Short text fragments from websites
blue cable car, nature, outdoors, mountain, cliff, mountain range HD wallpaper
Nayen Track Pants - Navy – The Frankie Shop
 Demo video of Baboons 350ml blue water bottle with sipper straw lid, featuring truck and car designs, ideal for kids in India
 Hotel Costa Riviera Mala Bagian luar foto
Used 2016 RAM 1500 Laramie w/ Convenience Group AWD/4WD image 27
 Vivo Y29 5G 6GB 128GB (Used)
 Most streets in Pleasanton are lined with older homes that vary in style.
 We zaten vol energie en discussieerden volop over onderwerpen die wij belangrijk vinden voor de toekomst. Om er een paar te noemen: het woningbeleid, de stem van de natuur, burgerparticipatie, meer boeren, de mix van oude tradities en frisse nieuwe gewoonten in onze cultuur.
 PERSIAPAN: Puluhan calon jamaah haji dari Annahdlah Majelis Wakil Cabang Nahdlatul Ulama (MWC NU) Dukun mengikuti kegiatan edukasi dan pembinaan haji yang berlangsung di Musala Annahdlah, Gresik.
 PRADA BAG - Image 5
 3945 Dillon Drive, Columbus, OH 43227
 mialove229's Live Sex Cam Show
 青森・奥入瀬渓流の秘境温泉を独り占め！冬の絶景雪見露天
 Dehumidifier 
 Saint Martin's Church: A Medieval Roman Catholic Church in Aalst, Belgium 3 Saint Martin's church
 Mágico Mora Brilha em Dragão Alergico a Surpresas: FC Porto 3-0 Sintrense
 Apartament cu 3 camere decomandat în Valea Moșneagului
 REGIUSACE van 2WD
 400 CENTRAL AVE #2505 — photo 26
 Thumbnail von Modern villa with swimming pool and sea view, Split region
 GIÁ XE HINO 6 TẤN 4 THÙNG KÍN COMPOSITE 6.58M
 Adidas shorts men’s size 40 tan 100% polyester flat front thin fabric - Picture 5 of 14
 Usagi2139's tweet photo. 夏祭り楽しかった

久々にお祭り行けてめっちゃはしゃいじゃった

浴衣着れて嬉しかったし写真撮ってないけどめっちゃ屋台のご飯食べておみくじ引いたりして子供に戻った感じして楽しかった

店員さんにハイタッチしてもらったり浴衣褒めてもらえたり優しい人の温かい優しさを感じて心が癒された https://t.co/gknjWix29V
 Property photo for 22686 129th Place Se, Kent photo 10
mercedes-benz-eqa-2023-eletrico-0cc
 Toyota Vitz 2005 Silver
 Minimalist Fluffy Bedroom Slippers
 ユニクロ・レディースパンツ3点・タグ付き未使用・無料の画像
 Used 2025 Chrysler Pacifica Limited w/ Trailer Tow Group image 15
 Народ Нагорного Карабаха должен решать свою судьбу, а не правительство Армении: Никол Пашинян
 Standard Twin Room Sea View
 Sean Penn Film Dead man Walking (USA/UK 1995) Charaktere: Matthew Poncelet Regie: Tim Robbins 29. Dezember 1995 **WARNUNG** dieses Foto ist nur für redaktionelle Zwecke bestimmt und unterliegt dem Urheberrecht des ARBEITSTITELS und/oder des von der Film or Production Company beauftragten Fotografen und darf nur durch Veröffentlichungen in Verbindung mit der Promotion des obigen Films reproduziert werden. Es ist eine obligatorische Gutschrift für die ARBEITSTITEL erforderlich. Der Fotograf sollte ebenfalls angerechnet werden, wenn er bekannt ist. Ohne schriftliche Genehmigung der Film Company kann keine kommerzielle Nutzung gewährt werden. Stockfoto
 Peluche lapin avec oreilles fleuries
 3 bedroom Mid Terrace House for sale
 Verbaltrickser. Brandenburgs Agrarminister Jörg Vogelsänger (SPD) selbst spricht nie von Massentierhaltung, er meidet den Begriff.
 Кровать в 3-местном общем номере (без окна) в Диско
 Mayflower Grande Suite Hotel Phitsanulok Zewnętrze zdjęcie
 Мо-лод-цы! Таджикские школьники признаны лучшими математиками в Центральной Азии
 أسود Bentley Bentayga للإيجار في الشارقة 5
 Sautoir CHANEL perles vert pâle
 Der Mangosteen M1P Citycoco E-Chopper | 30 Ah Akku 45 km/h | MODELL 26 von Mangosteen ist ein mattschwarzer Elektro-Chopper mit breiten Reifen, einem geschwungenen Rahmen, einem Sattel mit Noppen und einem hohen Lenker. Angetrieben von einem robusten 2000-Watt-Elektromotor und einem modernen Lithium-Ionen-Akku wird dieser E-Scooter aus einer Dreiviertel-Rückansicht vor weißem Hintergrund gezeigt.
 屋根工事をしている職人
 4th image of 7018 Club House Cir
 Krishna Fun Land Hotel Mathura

▶ _EXERCISE DIRECTIONS_:
This exercise calls for every record above to be written out again exactly.

▶ _TASK SOLUTION_:
blue cable car, nature, outdoors, mountain, cliff, mountain range HD wallpaper
Nayen Track Pants - Navy – The Frankie Shop
 Demo video of Baboons 350ml blue water bottle with sipper straw lid, featuring truck and car designs, ideal for kids in India
 Hotel Costa Riviera Mala Bagian luar foto
Used 2016 RAM 1500 Laramie w/ Convenience Group AWD/4WD image 27
 Vivo Y29 5G 6GB 128GB (Used)
 Most streets in Pleasanton are lined with older homes that vary in style.
 We zaten vol energie en discussieerden volop over onderwerpen die wij belangrijk vinden voor de toekomst. Om er een paar te noemen: het woningbeleid, de stem van de natuur, burgerparticipatie, meer boeren, de mix van oude tradities en frisse nieuwe gewoonten in onze cultuur.
 PERSIAPAN: Puluhan calon jamaah haji dari Annahdlah Majelis Wakil Cabang Nahdlatul Ulama (MWC NU) Dukun mengikuti kegiatan edukasi dan pembinaan haji yang berlangsung di Musala Annahdlah, Gresik.
 PRADA BAG - Image 5
 3945 Dillon Drive, Columbus, OH 43227
 mialove229's Live Sex Cam Show
 青森・奥入瀬渓流の秘境温泉を独り占め！冬の絶景雪見露天
 Dehumidifier 
 Saint Martin's Church: A Medieval Roman Catholic Church in Aalst, Belgium 3 Saint Martin's church
 Mágico Mora Brilha em Dragão Alergico a Surpresas: FC Porto 3-0 Sintrense
 Apartament cu 3 camere decomandat în Valea Moșneagului
 REGIUSACE van 2WD
 400 CENTRAL AVE #2505 — photo 26
 Thumbnail von Modern villa with swimming pool and sea view, Split region
 GIÁ XE HINO 6 TẤN 4 THÙNG KÍN COMPOSITE 6.58M
 Adidas shorts men’s size 40 tan 100% polyester flat front thin fabric - Picture 5 of 14
 Usagi2139's tweet photo. 夏祭り楽しかった

久々にお祭り行けてめっちゃはしゃいじゃった

浴衣着れて嬉しかったし写真撮ってないけどめっちゃ屋台のご飯食べておみくじ引いたりして子供に戻った感じして楽しかった

店員さんにハイタッチしてもらったり浴衣褒めてもらえたり優しい人の温かい優しさを感じて心が癒された https://t.co/gknjWix29V
 Property photo for 22686 129th Place Se, Kent photo 10
mercedes-benz-eqa-2023-eletrico-0cc
 Toyota Vitz 2005 Silver
 Minimalist Fluffy Bedroom Slippers
 ユニクロ・レディースパンツ3点・タグ付き未使用・無料の画像
 Used 2025 Chrysler Pacifica Limited w/ Trailer Tow Group image 15
 Народ Нагорного Карабаха должен решать свою судьбу, а не правительство Армении: Никол Пашинян
 Standard Twin Room Sea View
 Sean Penn Film Dead man Walking (USA/UK 1995) Charaktere: Matthew Poncelet Regie: Tim Robbins 29. Dezember 1995 **WARNUNG** dieses Foto ist nur für redaktionelle Zwecke bestimmt und unterliegt dem Urheberrecht des ARBEITSTITELS und/oder des von der Film or Production Company beauftragten Fotografen und darf nur durch Veröffentlichungen in Verbindung mit der Promotion des obigen Films reproduziert werden. Es ist eine obligatorische Gutschrift für die ARBEITSTITEL erforderlich. Der Fotograf sollte ebenfalls angerechnet werden, wenn er bekannt ist. Ohne schriftliche Genehmigung der Film Company kann keine kommerzielle Nutzung gewährt werden. Stockfoto
 Peluche lapin avec oreilles fleuries
 3 bedroom Mid Terrace House for sale
 Verbaltrickser. Brandenburgs Agrarminister Jörg Vogelsänger (SPD) selbst spricht nie von Massentierhaltung, er meidet den Begriff.
 Кровать в 3-местном общем номере (без окна) в Диско
 Mayflower Grande Suite Hotel Phitsanulok Zewnętrze zdjęcie
 Мо-лод-цы! Таджикские школьники признаны лучшими математиками в Центральной Азии
 أسود Bentley Bentayga للإيجار في الشارقة 5
 Sautoir CHANEL perles vert pâle
 Der Mangosteen M1P Citycoco E-Chopper | 30 Ah Akku 45 km/h | MODELL 26 von Mangosteen ist ein mattschwarzer Elektro-Chopper mit breiten Reifen, einem geschwungenen Rahmen, einem Sattel mit Noppen und einem hohen Lenker. Angetrieben von einem robusten 2000-Watt-Elektromotor und einem modernen Lithium-Ionen-Akku wird dieser E-Scooter aus einer Dreiviertel-Rückansicht vor weißem Hintergrund gezeigt.
 屋根工事をしている職人
 4th image of 7018 Club House Cir
 Krishna Fun Land Hotel Mathura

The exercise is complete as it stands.